The problem with p-values
- issues relating to reported findings:
- misuse of misinterpretation of p-values in Null Hypothesis Significant Testing (NHST; e.g., Ioannidis, 2005)
- study design
- improper use of statistical methods
- stemming from inadequate teaching
- selective reporting
- in other words, HARKing and p-hacking (whether consciously done or not)
Solving the problem
- these could be mitigated with Open Science practices
- transparency in writing, analyses, planning/hypothesising stages
- reproducibility of analyses
- greater value given to replication studies
- embracing and addressing uncertainty (Vasishth & Gelman, 2021)
- in sum: “conscientious practice” (Sönning & Werner, 2021, p. 1182)
The garden of forking paths
- or ‘researcher degrees of freedom’ (Simmons et al., 2011)

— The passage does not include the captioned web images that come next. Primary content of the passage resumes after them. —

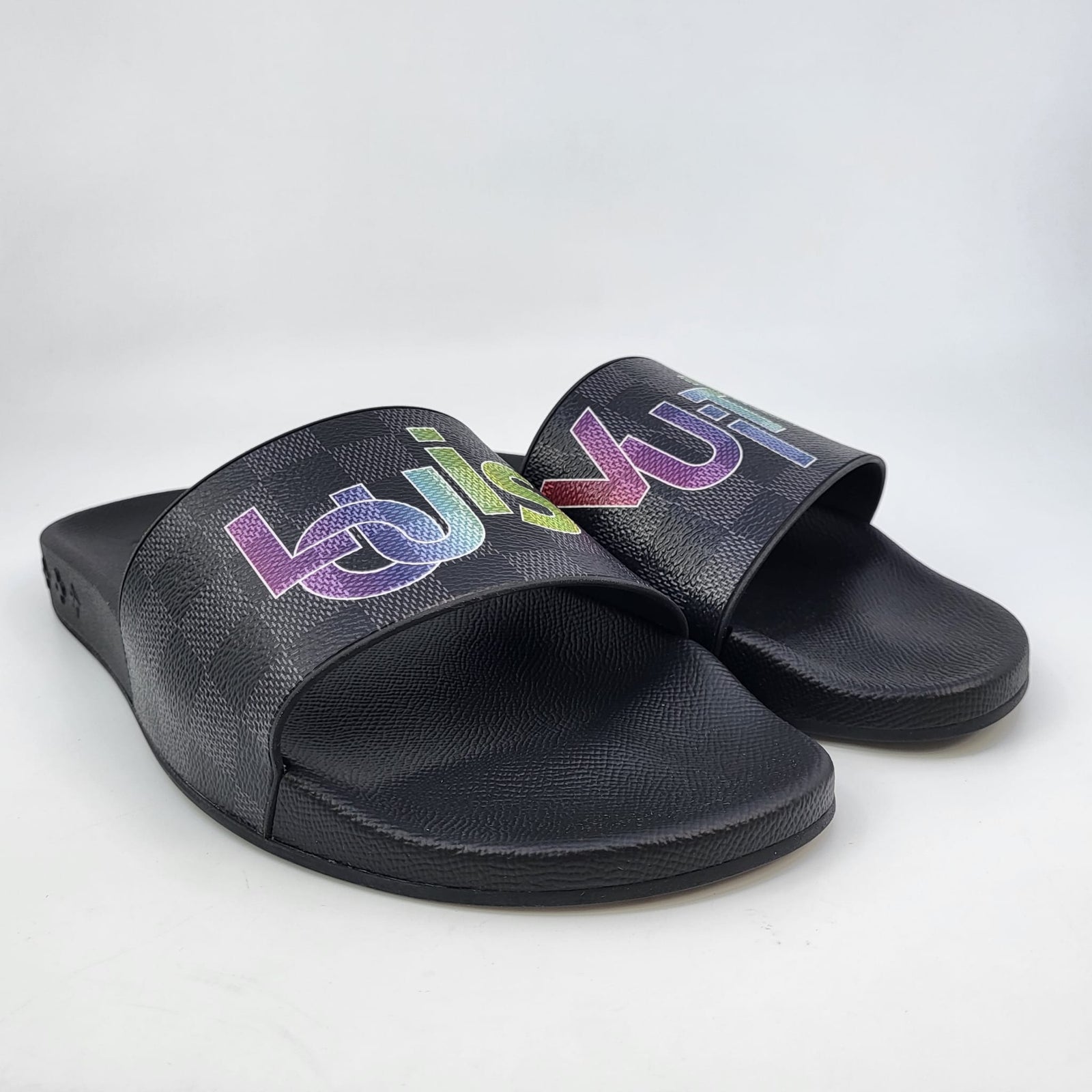 LouisVuittonWaterfrontMule3_16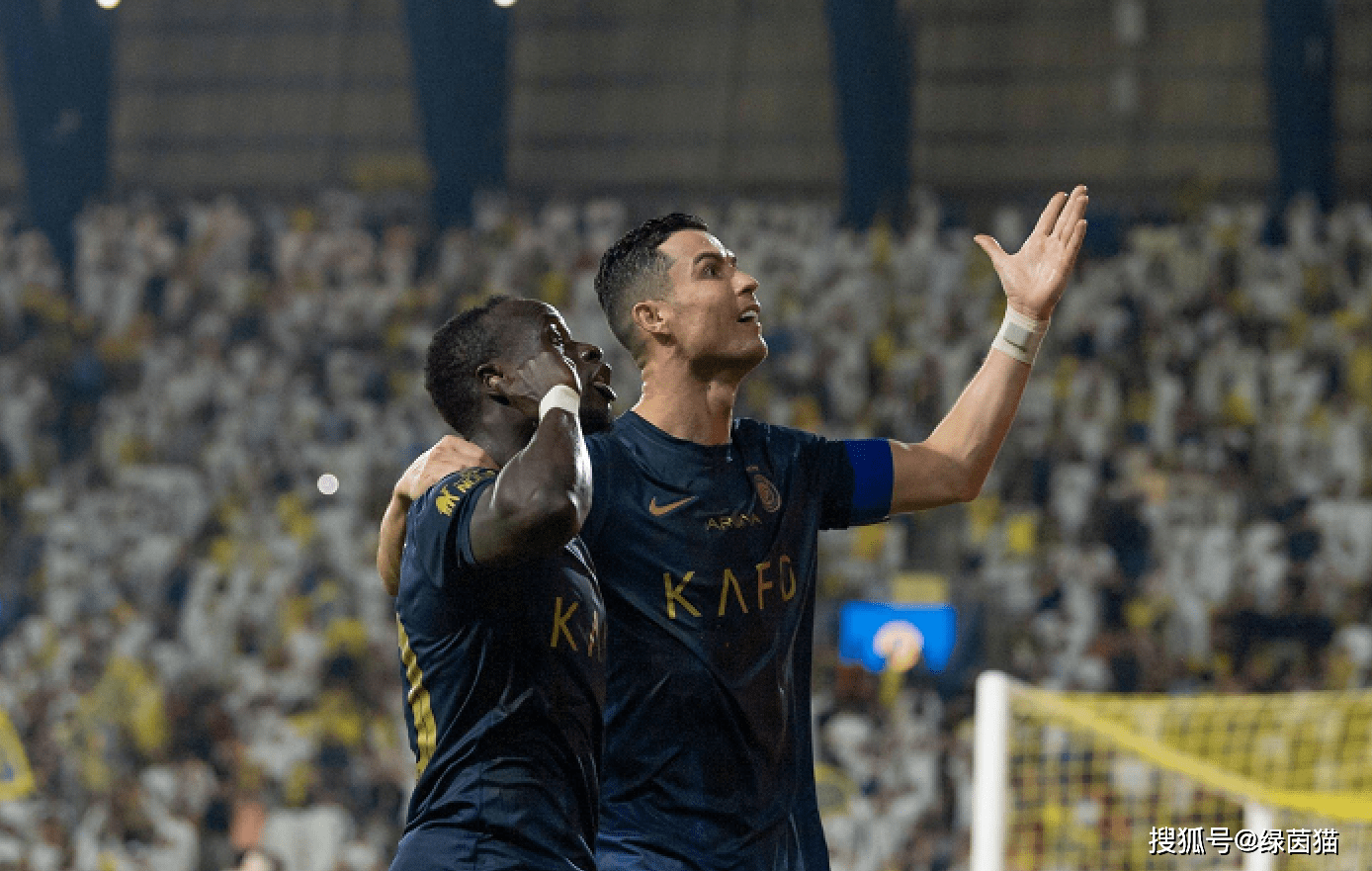 九游会-国王杯赛程吃紧，浙江稠州今晚造点机会，压力陡增，数据层面出现新趋势的简单介绍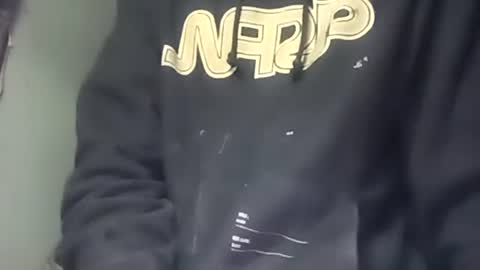 R online show from 09.26.25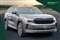 Skoda Kodiaq Image 1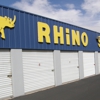 Rhino Self Storage gallery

- the problem: there are many plausible ways to analyse any given data set
- there are many choices researchers make in:
- experimental design
- data collection
- data preprocessing
- data analyses
- reporting
- the path we happen to go down can seem pre-determined (Gelman & Loken, 2014)
- but can amount to HARKing, p-hacking, fishing
- the fastest solution: share everything and write transparently
The current state of quantitative linguistics
- there is a trend towards empirical methods throughout linguistics
- we should pay attention to methodological discussions in related fields
- we also find ourselves in a state of methdological crisis
Kuhn’s structure of scientific revoluations
- Thomas Kuhn’s The Theory of Scientifc Revoluations (1962)
- based on socio-historical observation
- the evolution of scientificy theory is cycical
- crisis leads to revolution
- also applies to research methodology
Three recurrent phases:
- normal science
- little controversy over theoretical underpinnings
- researchers work on small problems within a theory
- crisis
- contradictions between theory and evidence
- questioning of conventionally accepted theory
- revolution
- overthrowing of previous norms in favour of a new paradigm
- leads to new normal science
Previous cycles of statistical analyses
- proprietary, point-and-click software (e.g., SPSS)
- move to open source programming languages (e.g., R, Python, Julia)
- ANOVAs
- move to linear regression
- then linear mixed models
- random-intercepts only models
- maximal models
- parsimonious models
- now a trend towards Bayesian regression
What do statisticians say?
- Wasserstein et al. (2019): list of Do’s and Don’t from statisticians
- Don’t base conclusions on p-values
- Do think about ATOM: Accept uncertainty, be Thoughtful, Open, and Modest
- Wasserstein & Lazar (2016): the American Statistical Association’s statement on p-values
- p-values are often misused and misinterpreted
- good statistical practice is part of good scientific practice
- as such, relies on good study design and conduct
- interpretation in context
- complete and transparent reporting
Overwhelmed?
- we’re in a state of crisis with a wealth of possible statistical paths
- but no current “gold standard”
- this can lead to anxiety among researchers
- which analysis should I run? am I doing it correctly?
- just keep in mind ATOM
- strive for honesty, not perfection
Revolution
- methodological anxiety stems from shifting sands, but leads to revolution
- revolution usually comes from young newcomers
- resistance to change usually comes those with more invested in the prior ways
- the good news: the revolution is underway
- leads to an increase in resources and courses on e.g., multi-level models
- one suggested reform: Open Science!
The old vs. the new
- changes refer to not only statistical analyses
- but also emphasise transparency
- ideally, we (as a field) would up our analysis game
- but a good first step is moving towards Open Science
- share data, code
- transparently map out your route in the ‘garden of forking paths’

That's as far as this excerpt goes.